Location
- Country: United States
- State: Maryland
- Area: Delmarva Peninsula
- Counties: Wicomico County; Worcester County;

Physical characteristics
- • location: Wicomico County, Maryland
- Mouth: Pocomoke River
- • location: Below Snow Hill, Maryland
- • coordinates: 38°09′36″N 75°25′23″W﻿ / ﻿38.160°N 75.423°W
- Length: 20.8 mi (33.5 km)

= Nassawango Creek =

Largest tributary of the Pocomoke River in Maryland, USA

Nassawango Creek (/næsəˈwɒŋɡoʊ/ or /næsəˈwæŋɡoʊ/) is a stream in the U.S. state of Maryland; it is the largest tributary of the Pocomoke River, located on the Delmarva Peninsula. Older variations on the same name include Nassanongo, Naseongo, Nassiongo, and Nassiungo, meaning "[ground] between [the streams]". Early English records have it as Askimenokonson Creek, after a Native settlement near its headwaters (askimenokonson roughly approximating a local Algonquian word meaning "stony place where they pick early [straw]berries").

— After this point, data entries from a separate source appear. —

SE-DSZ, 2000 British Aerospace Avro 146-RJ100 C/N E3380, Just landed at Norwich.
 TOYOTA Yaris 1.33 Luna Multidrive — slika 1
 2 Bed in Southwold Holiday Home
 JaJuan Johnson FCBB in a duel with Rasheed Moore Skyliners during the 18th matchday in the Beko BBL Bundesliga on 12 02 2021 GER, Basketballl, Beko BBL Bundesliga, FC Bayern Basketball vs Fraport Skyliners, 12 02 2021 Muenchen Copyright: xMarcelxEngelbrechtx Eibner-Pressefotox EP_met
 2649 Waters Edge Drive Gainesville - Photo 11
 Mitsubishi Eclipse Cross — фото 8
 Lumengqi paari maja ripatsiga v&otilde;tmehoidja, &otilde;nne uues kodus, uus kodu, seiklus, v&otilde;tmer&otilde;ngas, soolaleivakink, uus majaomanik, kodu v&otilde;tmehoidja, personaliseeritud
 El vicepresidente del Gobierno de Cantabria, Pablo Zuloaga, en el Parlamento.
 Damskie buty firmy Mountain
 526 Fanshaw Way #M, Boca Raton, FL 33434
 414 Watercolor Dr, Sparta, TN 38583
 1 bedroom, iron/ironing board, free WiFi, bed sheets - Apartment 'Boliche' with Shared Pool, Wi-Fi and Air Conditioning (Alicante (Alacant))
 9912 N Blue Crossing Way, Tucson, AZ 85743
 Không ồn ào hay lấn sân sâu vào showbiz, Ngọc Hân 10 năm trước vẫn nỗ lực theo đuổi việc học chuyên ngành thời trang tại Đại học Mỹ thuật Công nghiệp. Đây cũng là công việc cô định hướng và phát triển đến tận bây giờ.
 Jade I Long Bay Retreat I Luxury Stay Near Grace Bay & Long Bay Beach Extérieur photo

The Nassawango rises in Wicomico County, Maryland and flows 20.8 mi through Worcester County to join the Pocomoke below Snow Hill. Large portions of its drainage lie within the Pocomoke River State Forest and The Nature Conservancy's Nassawango Creek Preserve. Nassawango Creek and its tributaries were once dammed in several places for mills; one dam site, became an early industrial blast furnace operation, where bog iron ore was smelted to make pig iron at Furnacetown during the first half of the 19th century. Today, the furnace grounds are considered a local historical landmark.